Agility, says my dictionary, is the "ready ability to move with quick easy grace," and no modern Christian movement is more agile than evangelicalism. For would-be prophets, agility presents a problem: watch defensive ends try to predict a running back's next move on his way to the end zone, and you will begin to see how tricky it is to say anything about evangelicalism's next fifty years.

But agility is also a promise. Those who have adapted in the past may be poised to adapt to the future. So consider some clues from evangelicalism's past fifty years.

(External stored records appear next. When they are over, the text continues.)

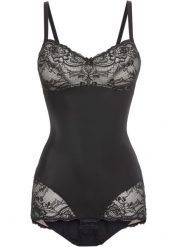 Body modelujące z ozdobnymi elementami, średni stopień modelowania sylwetki. Czarne body bonprix, bez wzorów, z koronki. Za 159.99 zł.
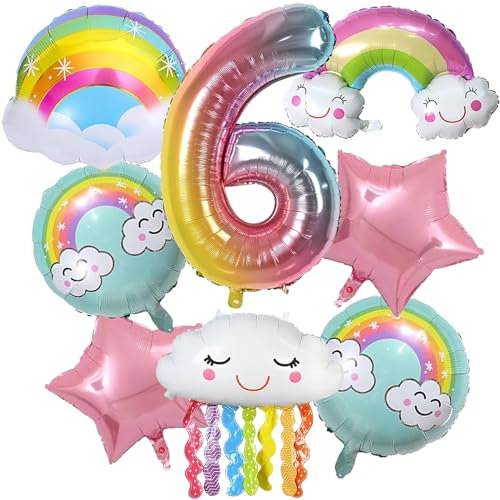 SPERMUOY Regenbogen deko Geburtstag Mädchen 6 Jahr,regenbogen party deko geburtstagsdeko regenbogen mädchen,Regenbogen Wolken Geburtstags Dekoration Luftballons für Mädchen Geburtstag Deko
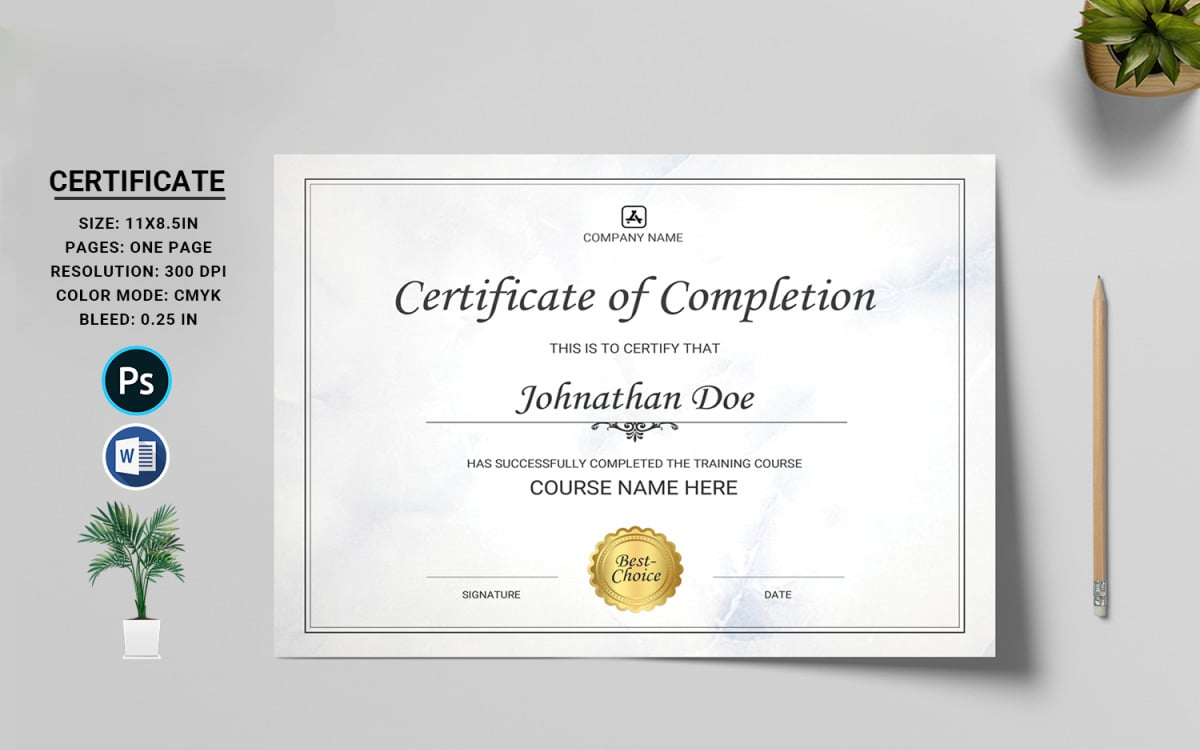 Johnathan Completion Certificate Template Pertaining To Certificate Of Completion Template Word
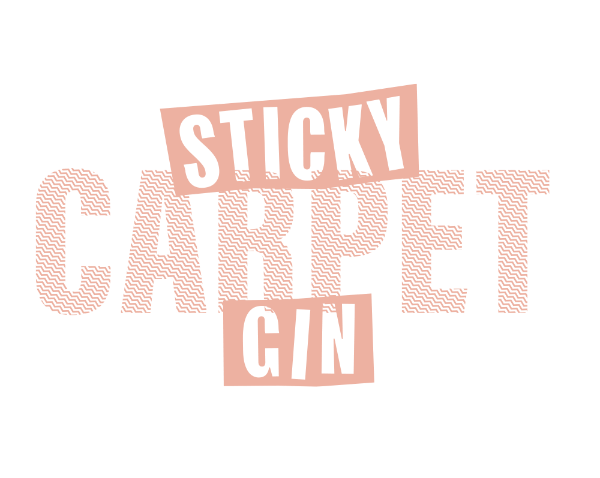 Logo of Sticky Carpet Gin featuring a playful design with vibrant colors and a unique font style.
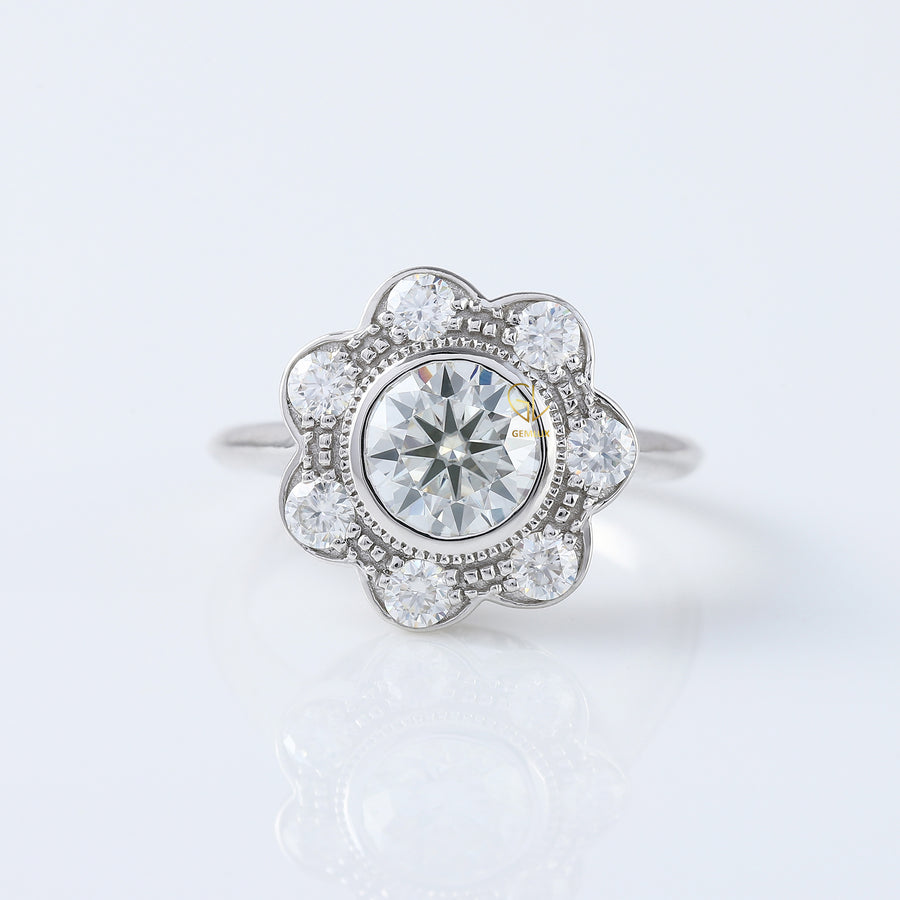 Bezel Set Floral Halo Round Lab Grown Vintage Ring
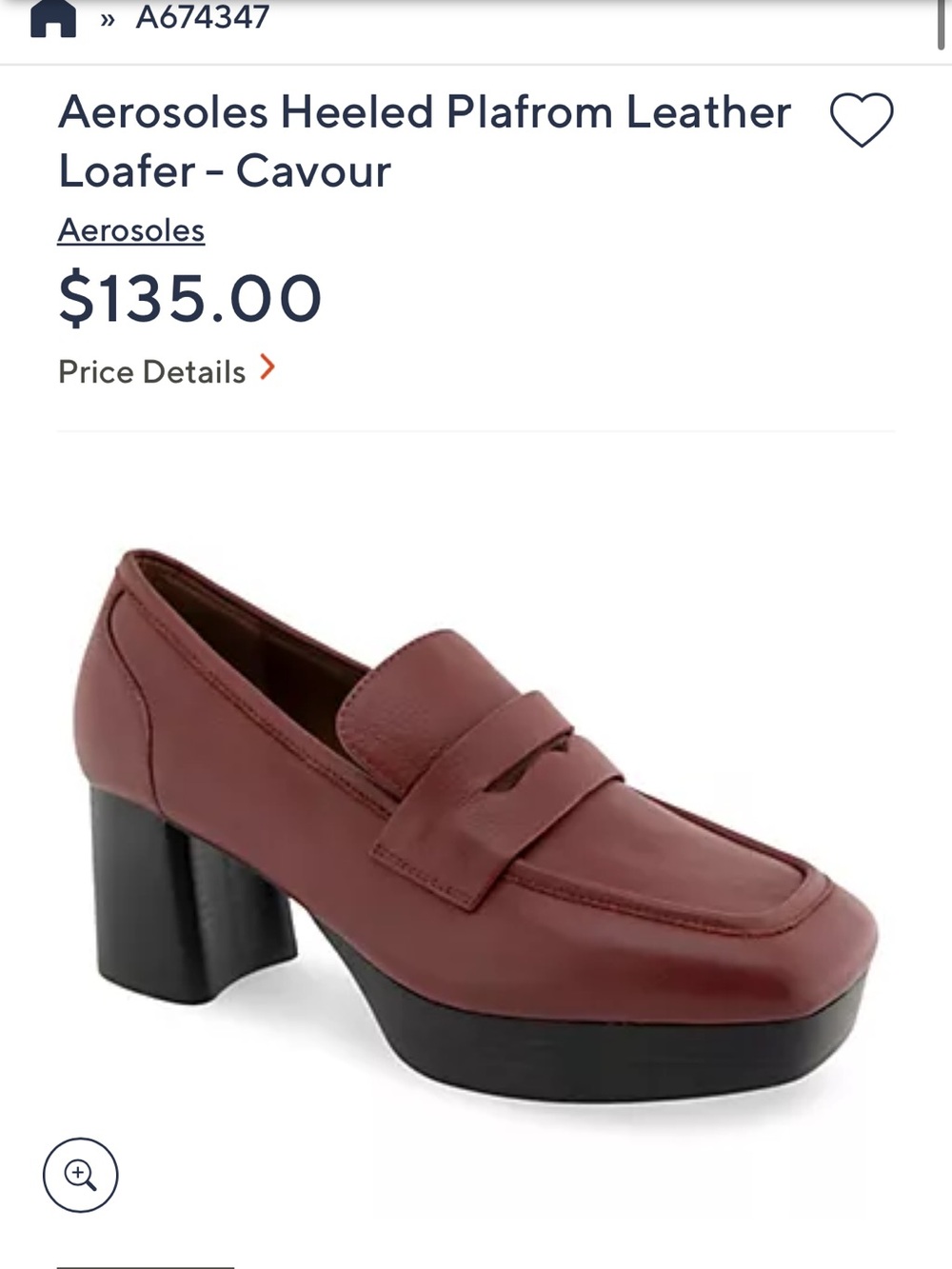 NWOT Aerosoles Women's Heeled Platform Leather Loafer — Cavour Size 7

Evangelicalism adapted to modernity. The term "evangelical" was adopted by fundamentalists who had gone to places like Harvard and Yale and been impressed with the subtlety and potential of the modern project. Without entirely giving in to modernism (for contrast, see most any mainline Protestant denomination), they developed modern versions of the "fundamentals" of Christian faith, from biblical authority to salvation. "Just as there are natural laws, there are spiritual laws"—four, to be precise, according to Campus Crusade's booklet that "presented the gospel" to countless modern college students. In the age of science and technology that followed the Second World War, prepositional and linear thought was prized, and evangelicals had plenty to spare. Meanwhile, evangelical missionaries rode the wave of technology all over the world. Looking back, the transition from the quiet backwaters of rural fundamentalism to modern evangelicalism is stunning.

What happens next? It's a bit of a cliché, but it's true nonetheless: evangelicalism's next big adaptation must be to postmodernism. While some evangelicals shudder at the thought of giving the slightest ground to postmodernity, ...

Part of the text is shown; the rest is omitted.